**WHAT IS BEING ASKED**
Starting at the line that contains "Allynson Lymer Consultor", transcribe every remaining line of the data below exactly, and omit all pictures.

○ ○ ○ ○ ○ ○ ○

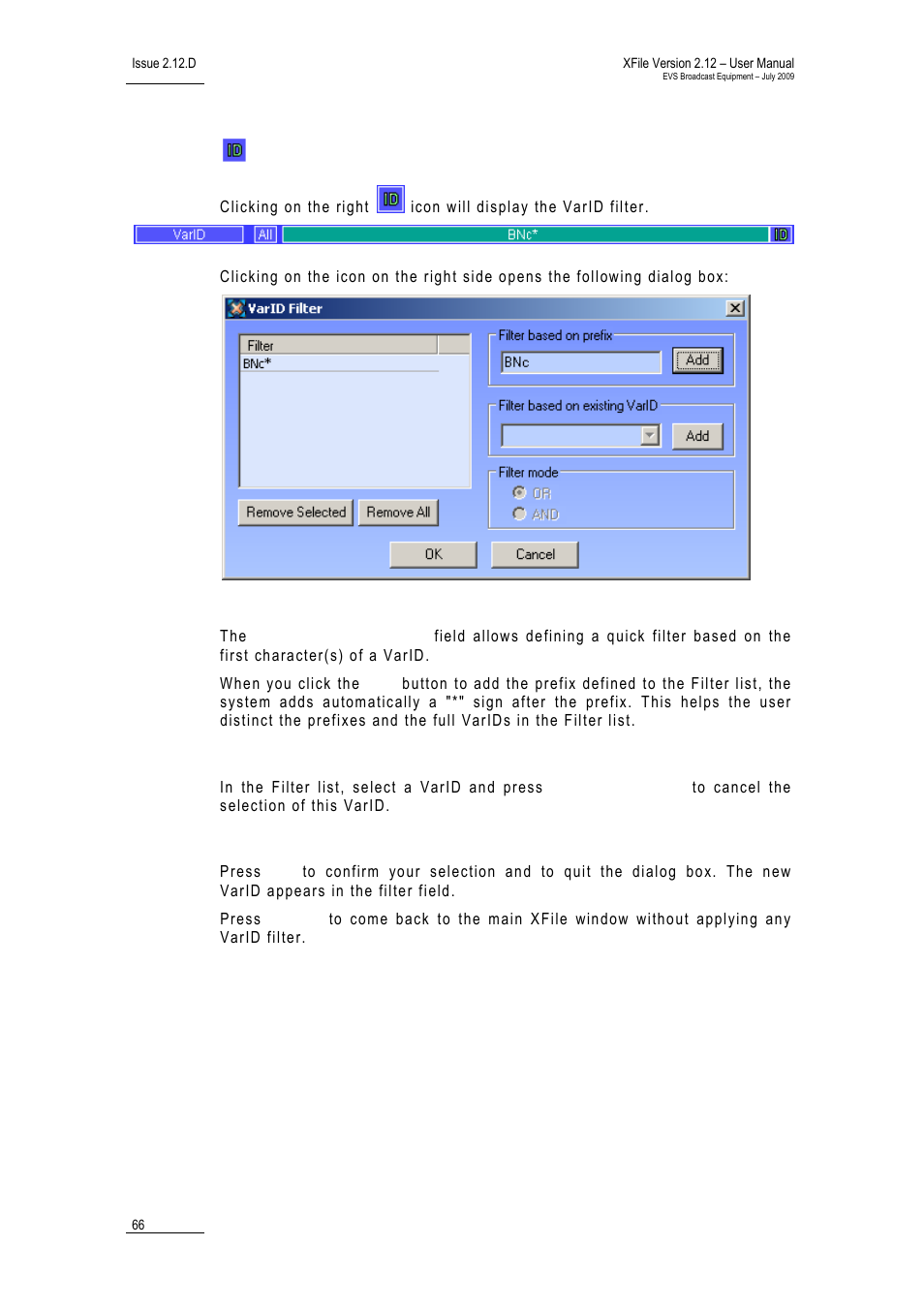 Varid, Filter based on prefix, Remove selected | Ok/cancel | EVS Xfile Version 2.12 - July 2009 User Manual User Manual | Page 67 / 191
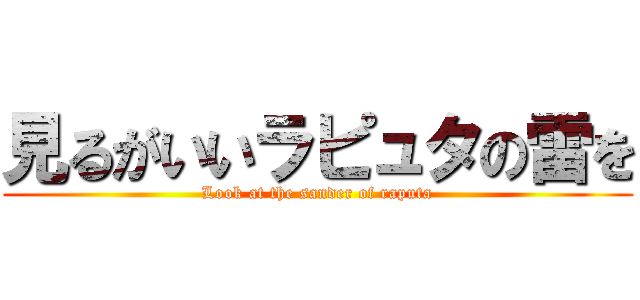 見るがいいラピュタの雷を (Look at the sander of raputa)
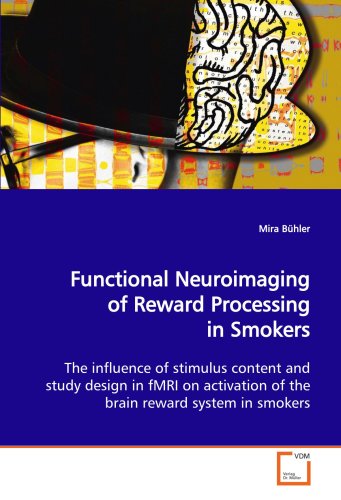 Functional Neuroimaging of Reward Processing in Smokers: The influence of stimulus content and study design in fMRI on activation of the brain reward system in smokers von VDM Verlag Dr. Müller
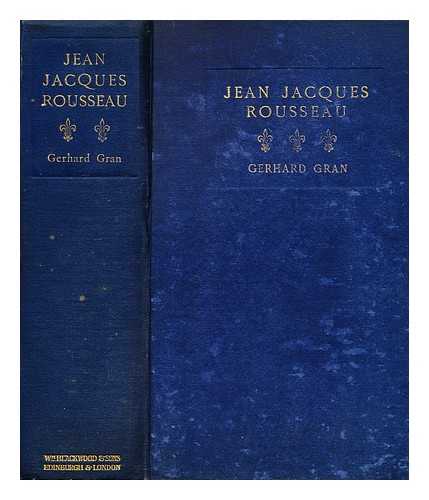 GRAN, GERHARD VON DER LIPPE (1856-1925) - Jean Jacques Rousseau
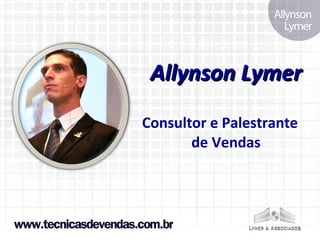 Allynson Lymer Consultor e Palestrante de Vendas 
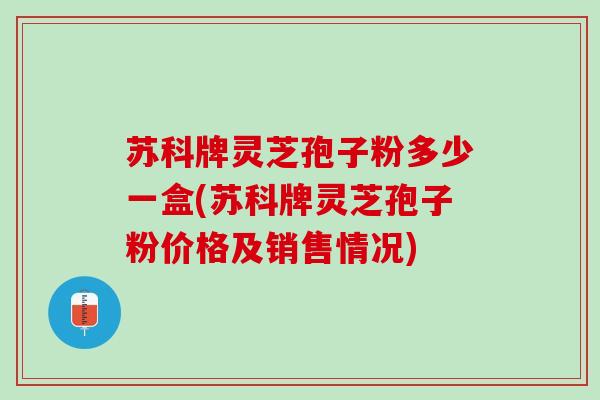 苏科牌灵芝孢子粉多少一盒(苏科牌灵芝孢子粉价格及销售情况)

○ ○ ○ ○ ○ ○ ○

**THE ANSWER**
 Allynson Lymer Consultor e Palestrante de Vendas 
 苏科牌灵芝孢子粉多少一盒(苏科牌灵芝孢子粉价格及销售情况)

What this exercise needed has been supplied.